Arrays and dynamic arrays

An array stores elements in contiguous memory. Index access is O(1); insertion or deletion in the middle is O(n) because elements shift. Dynamic arrays (JavaScript arrays, Python lists, Java ArrayList) amortize append to O(1) by doubling capacity when full. Arrays excel when you read by index, iterate sequentially, or need cache-friendly memory layout. They struggle when you insert or delete frequently in the middle.

Linked lists

A linked list chains nodes with pointers. Insert/delete at a known node is O(1); finding that node is O(n). Random access is O(n). Linked lists appear less in application code today — dynamic arrays and deque abstractions cover most cases — but the concept underpins LRU caches, memory allocators, and functional persistent data structures. If you never need random access and insert at head/tail constantly, a doubly linked list or deque can still win.

Stacks and queues

A stack is last-in-first-out (LIFO): push and pop from one end. Call stacks, undo history, depth-first search, and parsing nested expressions all use stacks. A queue is first-in-first-out (FIFO): enqueue at back, dequeue from front. Job schedulers, breadth-first search, and message brokers are queue-shaped. Both are typically O(1) for their core operations when backed by arrays or linked structures with head/tail pointers.

Hash tables — the workhorse of modern software

A hash table (hash map, dictionary, Map, Object in JS) maps keys to values via a hash function that spreads keys across buckets. Average-case get, set, and delete are O(1). That is why virtually every language ships one in the standard library.

Under the hood: the hash function converts a key to an integer bucket index; collisions (two keys landing in the same bucket) are resolved by chaining (linked lists in each bucket) or open addressing (probe for the next empty slot).
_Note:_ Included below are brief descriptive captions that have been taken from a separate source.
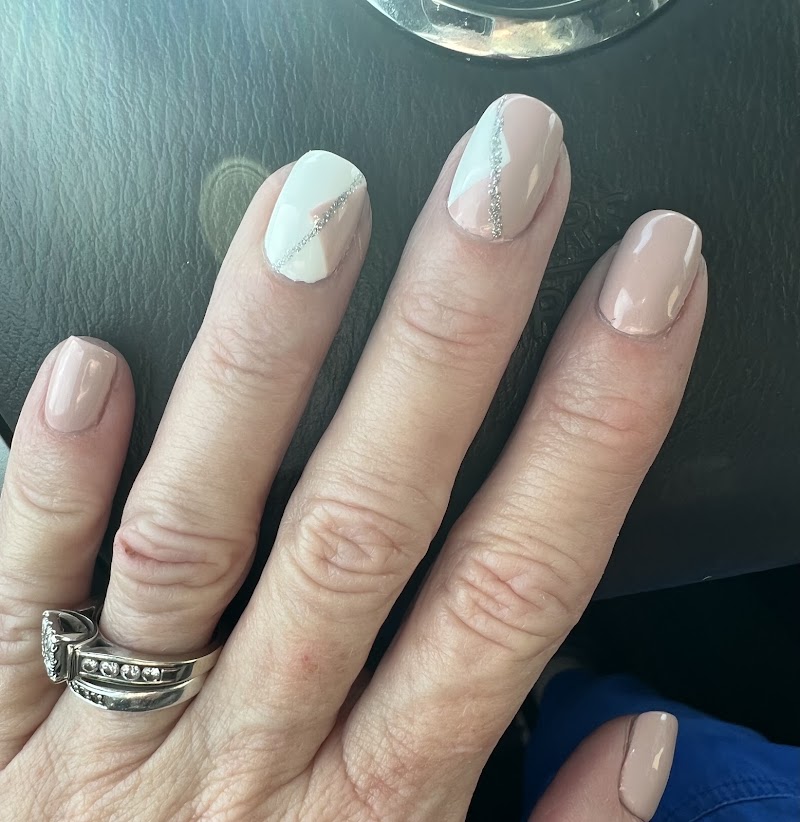 Beauty Nails By Mary, nail salon in Sikeston, MO, photo 4 of 10
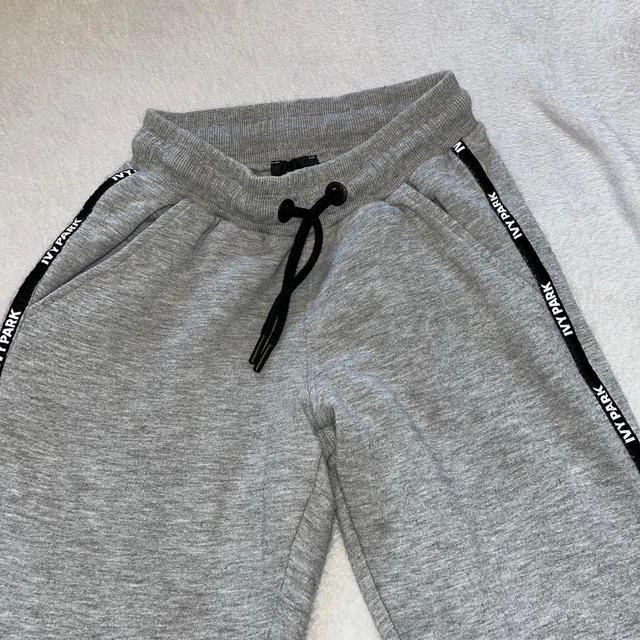 Ivy Park Women's Sweatpants - Grey/Black - XS on Productcaster.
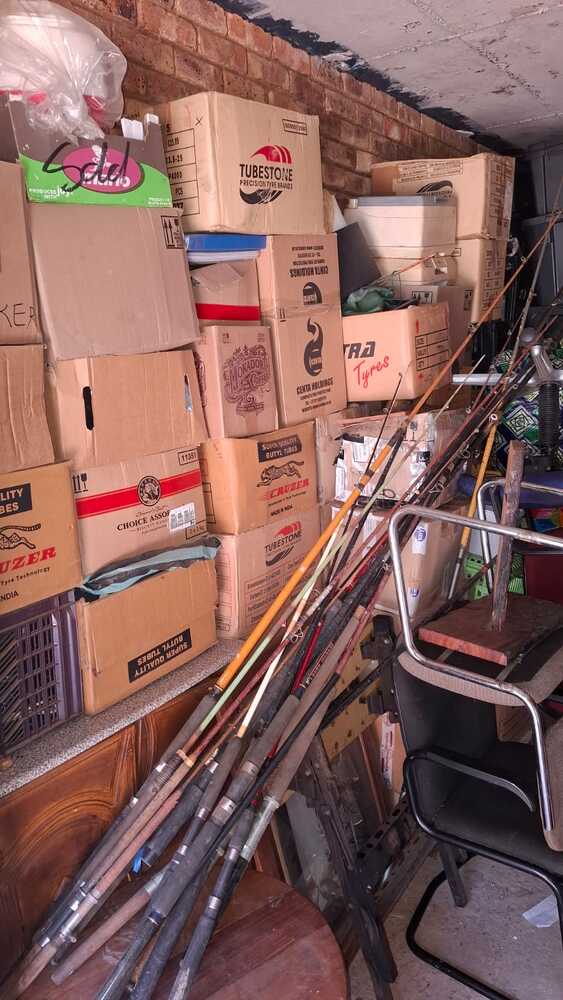 Pretoria North storage facility unit auction IB-7566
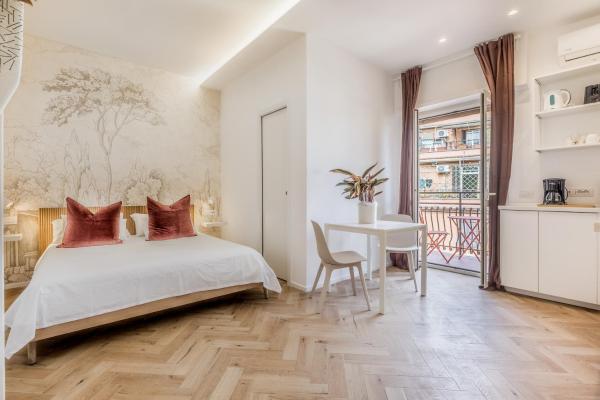 Domvs Romana, Roma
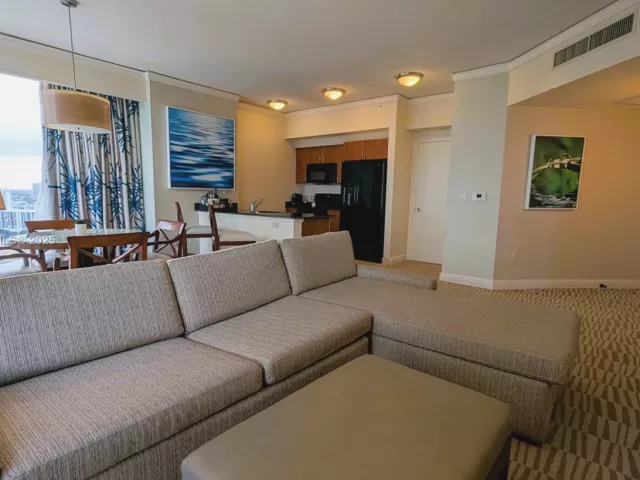 2-bedroom condo for sale in Sunny Isles Beach - 18001 Collins Ave 2114 2115 - MondialRealty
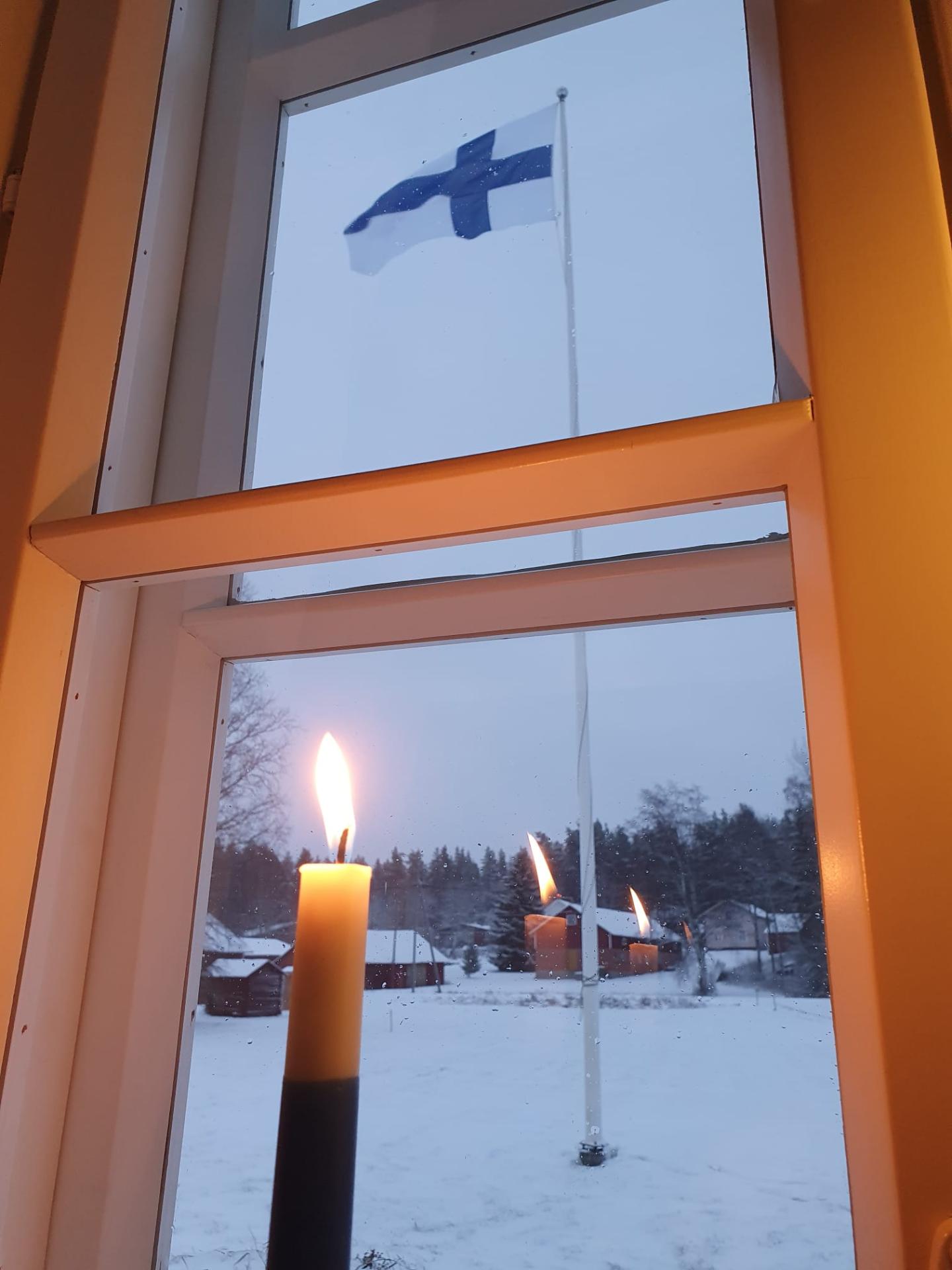 itsenäisyyspäivän kynttilä ikkunalla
Load factor triggers rehashing — resize and redistribute — which is O(n) but amortized over many inserts.

Production gotchas: keys must be hashable and stable. Mutable objects as keys are dangerous — if a key's hash changes after insertion, lookups fail silently. In distributed systems, consistent hashing maps keys to nodes so adding/removing servers minimizes data movement. For ordered iteration by key, use a sorted map (tree-based) instead — O(log n) operations but keys stay sorted.

Trees — hierarchical data and ordered lookup

Binary search trees (BST)

A binary search tree stores nodes where left children are smaller and right children are larger. Search, insert, and delete are O(log n) in a balanced tree, O(n) if the tree degenerates into a linked list (sorted insert order into a plain BST). Self-balancing variants — AVL trees, red-black trees — maintain O(log n) guarantees by rotating nodes after inserts and deletes.

Heaps

A binary heap is a complete binary tree satisfying the heap property: in a min-heap, every parent is smaller than its children. Insert and extract-min are O(log n); peek-min is O(1). Heaps power priority queues, Dijkstra's algorithm, “top K” streaming problems, and task schedulers where the highest-priority item must surface quickly without full sorting.

B-trees and database indexes

B-trees (and B+ trees) generalize balanced trees for disk: wide nodes with many keys minimize disk seeks. That is exactly what database B-tree indexes use — O(log n) point lookups and range scans on indexed columns. Understanding trees explains why compound indexes matter and why random UUID primary keys can fragment index pages compared to sequential IDs.

Graphs — relationships, routing, and dependencies

A graph is nodes (vertices) connected by edges. Social networks, package routes, dependency graphs, and blockchain transaction DAGs are all graph problems. Graphs can be directed or undirected, weighted or unweighted, cyclic or acyclic.

Core traversals:

Breadth-first search (BFS) — explore layer by layer using a queue. Finds shortest path in unweighted graphs. O(V + E).
Depth-first search (DFS) — dive deep using a stack (or recursion). Detects cycles, topological sort for build order. O(V + E).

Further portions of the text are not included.